Swim club property taxes and rural zoning matters are among the pieces of legislation being discussed by the Howard County Council this month.
County Councilwoman Courtney Watson is again pursuing a measure to aid six county nonprofit swim clubs whose operators say they are faced with high property taxes compared to pools operated by homeowners associations and the Columbia Association. Community swim club owners have argued that most of their pools face mounting debt because of high property taxes, as well as increased expenses to make much-needed improvements.
Watson's proposal, which was vetted by the county's planning board in November, would permit pool owners to sell their development rights directly to builders, under an existing county zoning regulation intended to preserve established neighborhoods.
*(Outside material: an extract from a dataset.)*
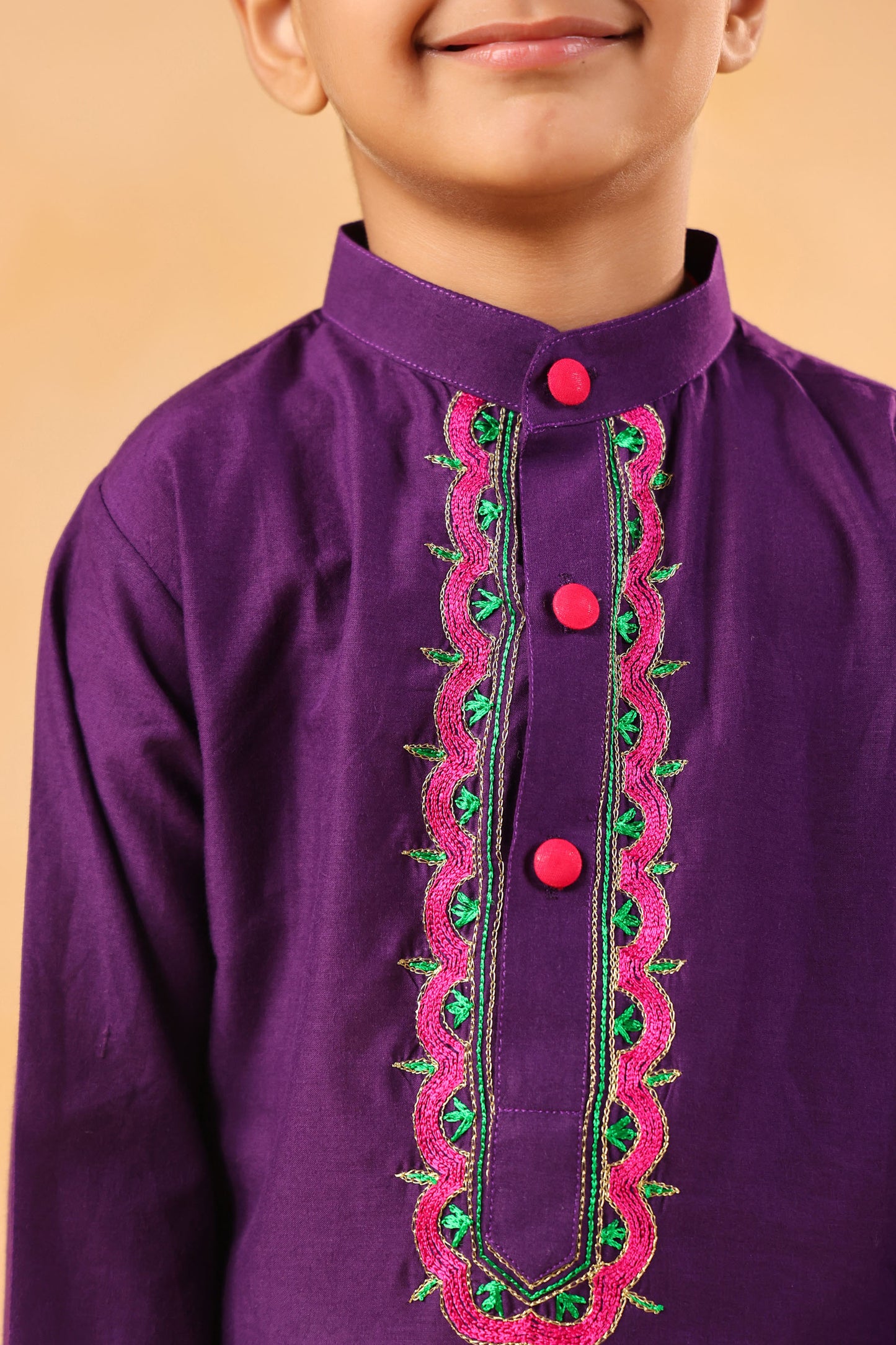 BOY 2 PC GULABO KURTA SET - PURPLE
The sale of development rights would lower the swim club property's assessed values because the land could not be developed.
The development rights purchased by developers would permit them to increase the number of housing units in a new development in a different location by 10 percent.
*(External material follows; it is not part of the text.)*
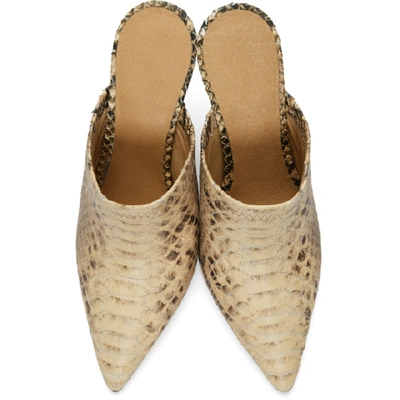 Shop Yeezy Beige Python Wedge Mules In Roccia Mesa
The county adopted the preservation law to control density in older neighborhoods, where some lots were never developed.
Three of the five council members voted against a bill in July that would have established a tax credit for a half-dozen nonprofit swim clubs in the county.
The council will also hear two issues afflicting more rural parts of the county.
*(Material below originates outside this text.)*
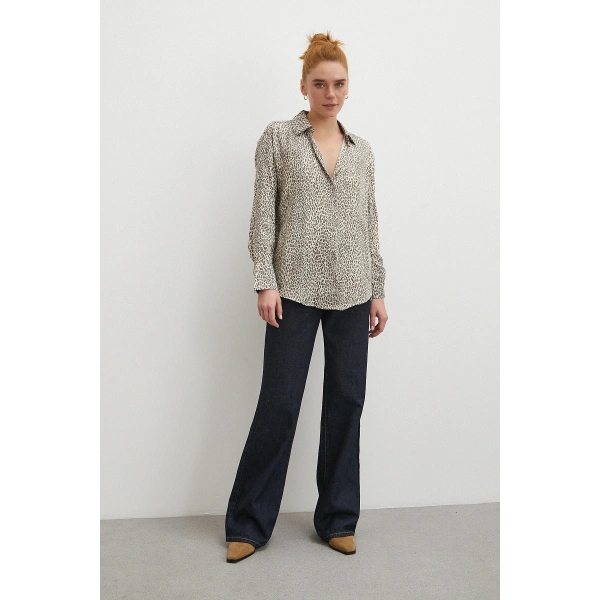 Leopar Desenli Viskon Saten Gömlek Krem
One piece of legislation would ease setback provisions for horse riding academies and stables.
The measure, proposed at the request of resident Viram Patel, would allow for the shorter distance of 100 feet between a riding practice area to a neighboring lot. A stable, which holds horses and therefore is used for longer periods of time, would have to be set at least 200 feet from a neighboring lot.
The county's planning board approved the recommendation last month.
Another zoning measure would loosen requirements for rural pick-your-own operations in the rural western part of the county by allowing farmers on smaller roads to have cut-your-own Christmas trees or pick-your-own produce operations.
Marsha S. McLaughlin, director of the department of planning and zoning, said that the measure would give farmers more opportunities to have pick-your-own operations. She said the amendment would help farmers in rural conservation preservation areas who are not on main roads.
McLaughlin added that the amendment would create agritourism opportunities and help farmers stay in business. "People like to go out and pick their own," she said.